WHAT THE EXERCISE ASKS = Here you must reproduce each line of the data exactly.

Excerpts from a dataset =
↓

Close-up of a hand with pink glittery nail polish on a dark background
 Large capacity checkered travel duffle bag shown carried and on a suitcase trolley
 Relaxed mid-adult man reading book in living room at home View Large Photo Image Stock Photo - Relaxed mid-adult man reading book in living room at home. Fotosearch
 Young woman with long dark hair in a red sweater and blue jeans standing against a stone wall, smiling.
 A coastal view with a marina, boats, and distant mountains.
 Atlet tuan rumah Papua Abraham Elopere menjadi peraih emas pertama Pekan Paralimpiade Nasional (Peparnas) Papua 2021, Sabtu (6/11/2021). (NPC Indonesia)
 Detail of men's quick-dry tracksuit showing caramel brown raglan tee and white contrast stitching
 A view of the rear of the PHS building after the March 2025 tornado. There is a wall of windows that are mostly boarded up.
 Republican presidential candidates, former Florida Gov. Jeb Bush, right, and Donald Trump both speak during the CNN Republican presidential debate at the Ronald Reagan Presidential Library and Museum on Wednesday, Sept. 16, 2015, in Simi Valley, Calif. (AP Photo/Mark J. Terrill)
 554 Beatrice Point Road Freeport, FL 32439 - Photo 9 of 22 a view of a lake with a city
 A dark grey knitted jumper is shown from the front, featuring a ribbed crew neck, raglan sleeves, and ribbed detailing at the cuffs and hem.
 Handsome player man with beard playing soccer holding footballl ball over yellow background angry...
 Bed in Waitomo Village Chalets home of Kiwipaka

↑

EXERCISE ANSWER =
Close-up of a hand with pink glittery nail polish on a dark background
 Large capacity checkered travel duffle bag shown carried and on a suitcase trolley
 Relaxed mid-adult man reading book in living room at home View Large Photo Image Stock Photo - Relaxed mid-adult man reading book in living room at home. Fotosearch
 Young woman with long dark hair in a red sweater and blue jeans standing against a stone wall, smiling.
 A coastal view with a marina, boats, and distant mountains.
 Atlet tuan rumah Papua Abraham Elopere menjadi peraih emas pertama Pekan Paralimpiade Nasional (Peparnas) Papua 2021, Sabtu (6/11/2021). (NPC Indonesia)
 Detail of men's quick-dry tracksuit showing caramel brown raglan tee and white contrast stitching
 A view of the rear of the PHS building after the March 2025 tornado. There is a wall of windows that are mostly boarded up.
 Republican presidential candidates, former Florida Gov. Jeb Bush, right, and Donald Trump both speak during the CNN Republican presidential debate at the Ronald Reagan Presidential Library and Museum on Wednesday, Sept. 16, 2015, in Simi Valley, Calif. (AP Photo/Mark J. Terrill)
 554 Beatrice Point Road Freeport, FL 32439 - Photo 9 of 22 a view of a lake with a city
 A dark grey knitted jumper is shown from the front, featuring a ribbed crew neck, raglan sleeves, and ribbed detailing at the cuffs and hem.
 Handsome player man with beard playing soccer holding footballl ball over yellow background angry...
 Bed in Waitomo Village Chalets home of Kiwipaka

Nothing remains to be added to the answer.